Wyman often spoke about how difficult it was for him, as a Christian, to be confronted with the evidence of the meager response by American Christians to news of the Holocaust; sometimes he “cried for days” and had to take a break from his research. As he explained to the Chronicle of Higher Education, he “had been brought up wth the belief that at the heart of Christianity is the precept that, when people need help, you should provide it.”

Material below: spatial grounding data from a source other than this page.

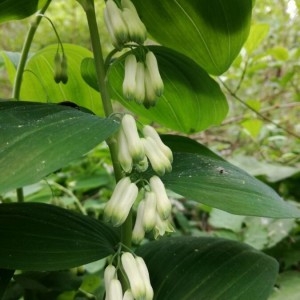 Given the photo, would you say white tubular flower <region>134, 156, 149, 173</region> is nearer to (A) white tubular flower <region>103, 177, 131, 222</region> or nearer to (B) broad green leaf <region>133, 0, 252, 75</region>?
(A) white tubular flower <region>103, 177, 131, 222</region>

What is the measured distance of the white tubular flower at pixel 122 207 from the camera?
0.52m

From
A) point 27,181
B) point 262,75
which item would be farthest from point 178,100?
point 262,75

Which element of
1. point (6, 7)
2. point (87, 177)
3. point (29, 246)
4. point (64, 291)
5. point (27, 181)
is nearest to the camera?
point (27, 181)

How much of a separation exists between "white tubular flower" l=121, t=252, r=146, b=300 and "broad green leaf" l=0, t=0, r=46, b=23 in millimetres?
433

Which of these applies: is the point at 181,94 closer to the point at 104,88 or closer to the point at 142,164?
the point at 104,88

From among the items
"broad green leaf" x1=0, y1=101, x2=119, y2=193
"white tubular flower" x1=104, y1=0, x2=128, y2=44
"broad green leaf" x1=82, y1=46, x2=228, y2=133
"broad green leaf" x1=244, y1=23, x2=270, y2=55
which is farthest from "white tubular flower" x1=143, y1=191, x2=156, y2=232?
"broad green leaf" x1=244, y1=23, x2=270, y2=55

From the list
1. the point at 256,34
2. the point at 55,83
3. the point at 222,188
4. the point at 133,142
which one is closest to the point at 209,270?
the point at 222,188

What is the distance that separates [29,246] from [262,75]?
2753 millimetres

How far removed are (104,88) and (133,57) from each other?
63mm

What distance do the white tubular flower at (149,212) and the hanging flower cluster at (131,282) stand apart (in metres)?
0.04

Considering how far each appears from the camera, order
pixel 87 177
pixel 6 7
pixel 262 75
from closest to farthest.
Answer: pixel 6 7, pixel 87 177, pixel 262 75

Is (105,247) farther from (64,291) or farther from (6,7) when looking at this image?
(6,7)

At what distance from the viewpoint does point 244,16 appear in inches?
27.9

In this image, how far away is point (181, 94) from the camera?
91 centimetres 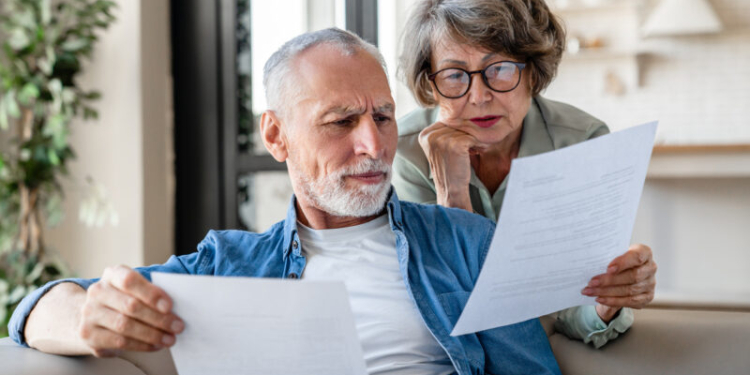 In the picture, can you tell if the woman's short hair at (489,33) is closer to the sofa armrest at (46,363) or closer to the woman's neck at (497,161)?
the woman's neck at (497,161)

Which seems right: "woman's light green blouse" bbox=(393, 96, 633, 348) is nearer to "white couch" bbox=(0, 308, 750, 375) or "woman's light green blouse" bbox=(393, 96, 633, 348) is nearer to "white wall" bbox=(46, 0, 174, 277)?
"white couch" bbox=(0, 308, 750, 375)

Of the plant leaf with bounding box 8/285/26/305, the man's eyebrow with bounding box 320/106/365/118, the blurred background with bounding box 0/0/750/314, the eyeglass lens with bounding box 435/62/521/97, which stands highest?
the eyeglass lens with bounding box 435/62/521/97

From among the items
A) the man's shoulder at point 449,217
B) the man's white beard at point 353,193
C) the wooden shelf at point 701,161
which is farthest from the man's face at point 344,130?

Prior to the publication of The Abandonment of the Jews, the widespread assumption among the American public was that there was little or nothing the Roosevelt administration could have done to save Jews from the Holocaust. Prof. Wyman’s meticulous research demonstrated that there were, in fact, many ways the U.S. could have aided European Jewish refugees, without interfering with the war effort or undermining America’s immigration laws. He documented how President Franklin D. Roosevelt and his State Department suppressed news about the Holocaust and ignored opportunities to rescue refugees.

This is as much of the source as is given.